##### SOURCE MATERIAL
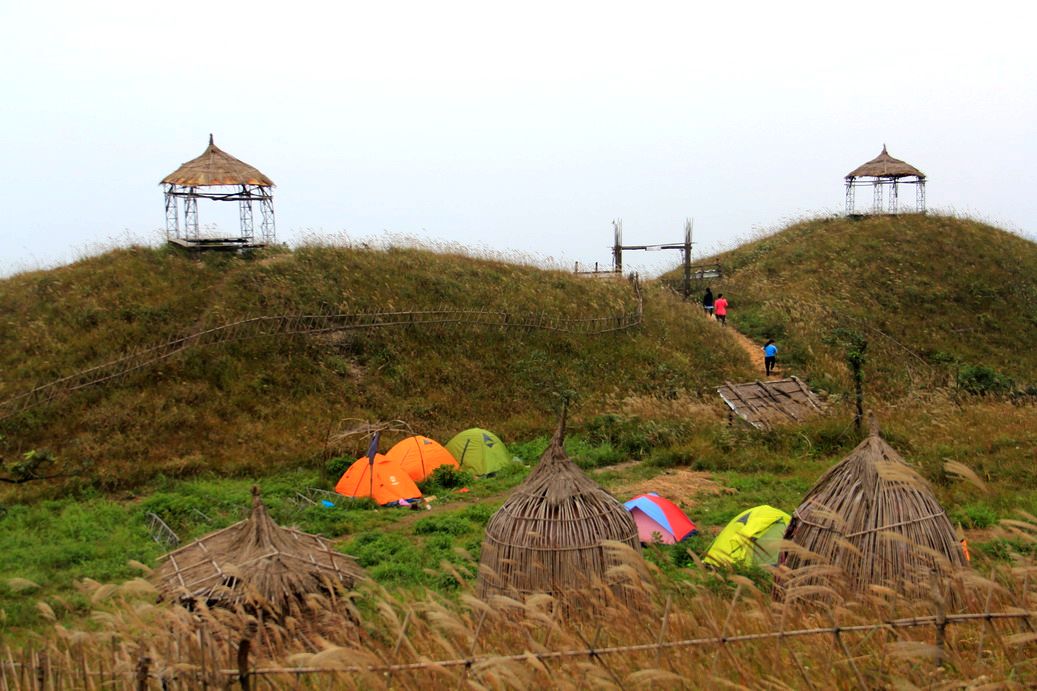 再走燕子山，  用脚步感受深秋的童话。。。。。。830 / 作者:人在旅途888 / 帖子ID:56841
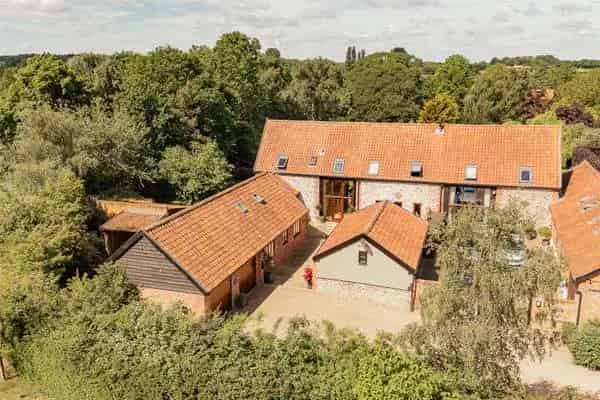 Grade II Listed Barn Conversion with Annexe and Paddock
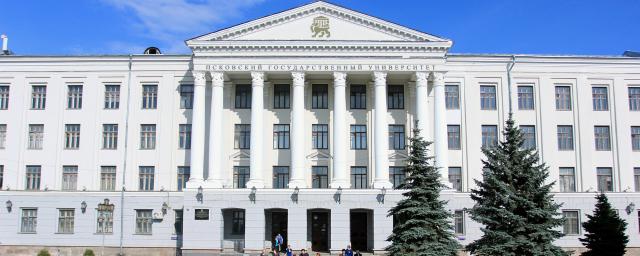 В Пскове более 100 абитуриентов подали документы в вузы через интернет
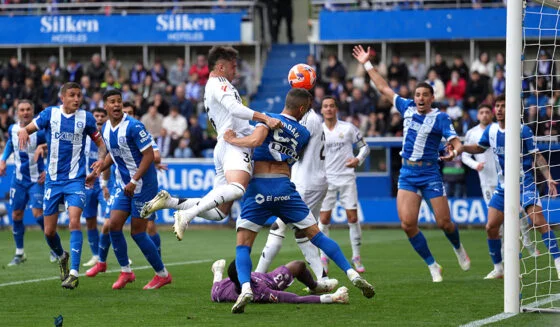 Le Real Madrid marque d'importantes victoires, luttant au minimum contre Alaves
##########
## PROBLEM DESCRIPTION:
Restate the whole listing word for word. Omit the pictures.

## ANSWER AREA:
 再走燕子山，  用脚步感受深秋的童话。。。。。。830 / 作者:人在旅途888 / 帖子ID:56841
 Grade II Listed Barn Conversion with Annexe and Paddock
 В Пскове более 100 абитуриентов подали документы в вузы через интернет
 Le Real Madrid marque d'importantes victoires, luttant au minimum contre Alaves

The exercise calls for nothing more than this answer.